* [Task item] Pull each line containing "Road" out of the listing below.

%%

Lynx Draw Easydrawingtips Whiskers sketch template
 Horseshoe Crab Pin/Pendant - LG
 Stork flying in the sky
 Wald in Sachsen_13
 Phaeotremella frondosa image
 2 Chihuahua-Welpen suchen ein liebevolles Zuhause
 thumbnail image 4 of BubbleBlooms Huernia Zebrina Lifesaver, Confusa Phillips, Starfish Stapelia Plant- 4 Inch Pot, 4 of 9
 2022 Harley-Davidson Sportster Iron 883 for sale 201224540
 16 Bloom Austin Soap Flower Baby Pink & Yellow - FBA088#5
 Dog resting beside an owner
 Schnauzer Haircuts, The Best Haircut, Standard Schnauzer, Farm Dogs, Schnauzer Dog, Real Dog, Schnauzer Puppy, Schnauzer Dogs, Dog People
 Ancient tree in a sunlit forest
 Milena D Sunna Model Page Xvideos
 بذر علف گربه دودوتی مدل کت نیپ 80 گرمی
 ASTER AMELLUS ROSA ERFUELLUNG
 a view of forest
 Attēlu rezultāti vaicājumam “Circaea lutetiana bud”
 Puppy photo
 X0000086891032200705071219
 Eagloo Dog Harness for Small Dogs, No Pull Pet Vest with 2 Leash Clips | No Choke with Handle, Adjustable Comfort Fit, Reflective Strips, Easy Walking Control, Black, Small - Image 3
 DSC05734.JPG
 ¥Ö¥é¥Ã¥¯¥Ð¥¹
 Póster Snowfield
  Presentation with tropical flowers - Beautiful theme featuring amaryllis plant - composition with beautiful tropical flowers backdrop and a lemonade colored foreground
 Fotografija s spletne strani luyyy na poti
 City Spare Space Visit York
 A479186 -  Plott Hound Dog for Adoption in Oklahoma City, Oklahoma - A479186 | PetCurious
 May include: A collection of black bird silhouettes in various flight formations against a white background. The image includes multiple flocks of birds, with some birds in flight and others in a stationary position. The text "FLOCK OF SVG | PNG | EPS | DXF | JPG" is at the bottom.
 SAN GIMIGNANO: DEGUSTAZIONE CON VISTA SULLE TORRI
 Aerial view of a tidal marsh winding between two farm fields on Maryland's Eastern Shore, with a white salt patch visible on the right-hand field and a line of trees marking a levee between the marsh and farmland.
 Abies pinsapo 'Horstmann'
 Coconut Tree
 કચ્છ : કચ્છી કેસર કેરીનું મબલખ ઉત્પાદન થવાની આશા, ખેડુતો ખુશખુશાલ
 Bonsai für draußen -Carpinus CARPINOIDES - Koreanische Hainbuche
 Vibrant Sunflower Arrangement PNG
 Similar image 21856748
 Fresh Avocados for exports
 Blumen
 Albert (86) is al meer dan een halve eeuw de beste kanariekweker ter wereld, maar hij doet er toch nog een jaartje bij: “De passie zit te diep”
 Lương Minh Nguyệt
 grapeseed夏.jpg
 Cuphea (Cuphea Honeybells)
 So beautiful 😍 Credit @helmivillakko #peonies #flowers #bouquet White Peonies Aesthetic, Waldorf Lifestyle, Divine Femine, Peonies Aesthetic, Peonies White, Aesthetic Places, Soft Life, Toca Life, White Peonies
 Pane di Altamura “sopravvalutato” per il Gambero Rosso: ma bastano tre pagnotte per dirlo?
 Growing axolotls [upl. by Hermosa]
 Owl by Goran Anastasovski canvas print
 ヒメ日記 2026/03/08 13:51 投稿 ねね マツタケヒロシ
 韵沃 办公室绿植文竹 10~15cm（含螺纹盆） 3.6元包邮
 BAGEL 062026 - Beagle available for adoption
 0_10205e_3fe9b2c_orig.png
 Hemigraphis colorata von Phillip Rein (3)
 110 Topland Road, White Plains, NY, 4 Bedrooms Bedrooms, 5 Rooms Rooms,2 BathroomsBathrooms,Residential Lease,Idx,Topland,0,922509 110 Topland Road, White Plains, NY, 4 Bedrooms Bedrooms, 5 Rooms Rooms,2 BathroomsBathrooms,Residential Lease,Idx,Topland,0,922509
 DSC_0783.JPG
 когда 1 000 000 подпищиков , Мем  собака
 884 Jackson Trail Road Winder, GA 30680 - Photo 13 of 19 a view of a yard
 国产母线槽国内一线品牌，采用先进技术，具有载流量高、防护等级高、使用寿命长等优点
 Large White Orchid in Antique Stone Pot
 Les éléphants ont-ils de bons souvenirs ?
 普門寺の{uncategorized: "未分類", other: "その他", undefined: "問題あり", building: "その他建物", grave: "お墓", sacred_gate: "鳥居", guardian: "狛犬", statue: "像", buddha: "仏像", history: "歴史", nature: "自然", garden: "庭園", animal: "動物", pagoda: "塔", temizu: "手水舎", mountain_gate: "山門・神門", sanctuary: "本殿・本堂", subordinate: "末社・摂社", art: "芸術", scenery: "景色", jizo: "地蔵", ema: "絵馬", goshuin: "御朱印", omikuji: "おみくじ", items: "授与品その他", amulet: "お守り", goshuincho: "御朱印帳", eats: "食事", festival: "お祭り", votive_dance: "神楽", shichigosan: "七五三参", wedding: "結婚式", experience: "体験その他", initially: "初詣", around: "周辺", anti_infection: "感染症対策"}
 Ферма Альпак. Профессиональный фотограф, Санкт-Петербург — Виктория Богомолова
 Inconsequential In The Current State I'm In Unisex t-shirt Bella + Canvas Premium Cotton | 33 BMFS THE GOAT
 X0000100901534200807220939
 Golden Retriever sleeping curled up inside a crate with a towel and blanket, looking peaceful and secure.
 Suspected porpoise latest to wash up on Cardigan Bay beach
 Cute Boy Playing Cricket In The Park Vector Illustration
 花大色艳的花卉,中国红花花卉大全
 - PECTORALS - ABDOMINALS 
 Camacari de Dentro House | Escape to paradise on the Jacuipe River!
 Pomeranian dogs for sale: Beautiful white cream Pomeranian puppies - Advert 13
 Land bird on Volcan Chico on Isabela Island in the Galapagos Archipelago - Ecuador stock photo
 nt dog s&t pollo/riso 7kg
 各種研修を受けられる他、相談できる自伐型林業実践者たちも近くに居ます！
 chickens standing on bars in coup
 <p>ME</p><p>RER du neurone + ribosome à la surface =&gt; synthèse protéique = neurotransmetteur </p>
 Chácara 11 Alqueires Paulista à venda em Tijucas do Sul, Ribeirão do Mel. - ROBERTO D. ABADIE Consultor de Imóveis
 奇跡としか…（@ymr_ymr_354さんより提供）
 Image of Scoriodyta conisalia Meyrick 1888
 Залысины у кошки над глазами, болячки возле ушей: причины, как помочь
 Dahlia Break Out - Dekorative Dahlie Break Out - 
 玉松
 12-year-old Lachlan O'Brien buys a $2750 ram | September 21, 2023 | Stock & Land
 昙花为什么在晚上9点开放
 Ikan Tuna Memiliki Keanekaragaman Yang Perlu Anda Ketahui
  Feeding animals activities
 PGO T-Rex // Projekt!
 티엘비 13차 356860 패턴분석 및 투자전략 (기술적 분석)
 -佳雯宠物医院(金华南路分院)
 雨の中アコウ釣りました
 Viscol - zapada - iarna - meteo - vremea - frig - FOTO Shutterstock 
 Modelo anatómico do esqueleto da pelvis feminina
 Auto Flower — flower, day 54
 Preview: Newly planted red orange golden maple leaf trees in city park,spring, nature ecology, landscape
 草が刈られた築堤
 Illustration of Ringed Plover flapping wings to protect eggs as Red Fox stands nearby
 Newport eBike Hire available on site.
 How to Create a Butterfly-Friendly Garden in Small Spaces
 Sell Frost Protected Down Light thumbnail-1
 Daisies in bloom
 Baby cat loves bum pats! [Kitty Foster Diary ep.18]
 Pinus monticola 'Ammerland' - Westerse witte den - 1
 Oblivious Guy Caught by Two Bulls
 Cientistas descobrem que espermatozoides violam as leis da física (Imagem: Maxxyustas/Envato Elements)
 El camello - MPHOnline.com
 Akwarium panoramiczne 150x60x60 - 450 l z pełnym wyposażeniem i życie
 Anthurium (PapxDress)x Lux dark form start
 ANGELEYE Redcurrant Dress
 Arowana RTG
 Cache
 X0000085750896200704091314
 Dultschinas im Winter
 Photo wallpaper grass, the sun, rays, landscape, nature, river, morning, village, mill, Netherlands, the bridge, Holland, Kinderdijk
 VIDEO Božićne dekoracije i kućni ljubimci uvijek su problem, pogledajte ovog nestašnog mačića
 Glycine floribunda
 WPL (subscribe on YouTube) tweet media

%%

* [Response]
 110 Topland Road, White Plains, NY, 4 Bedrooms Bedrooms, 5 Rooms Rooms,2 BathroomsBathrooms,Residential Lease,Idx,Topland,0,922509 110 Topland Road, White Plains, NY, 4 Bedrooms Bedrooms, 5 Rooms Rooms,2 BathroomsBathrooms,Residential Lease,Idx,Topland,0,922509
 884 Jackson Trail Road Winder, GA 30680 - Photo 13 of 19 a view of a yard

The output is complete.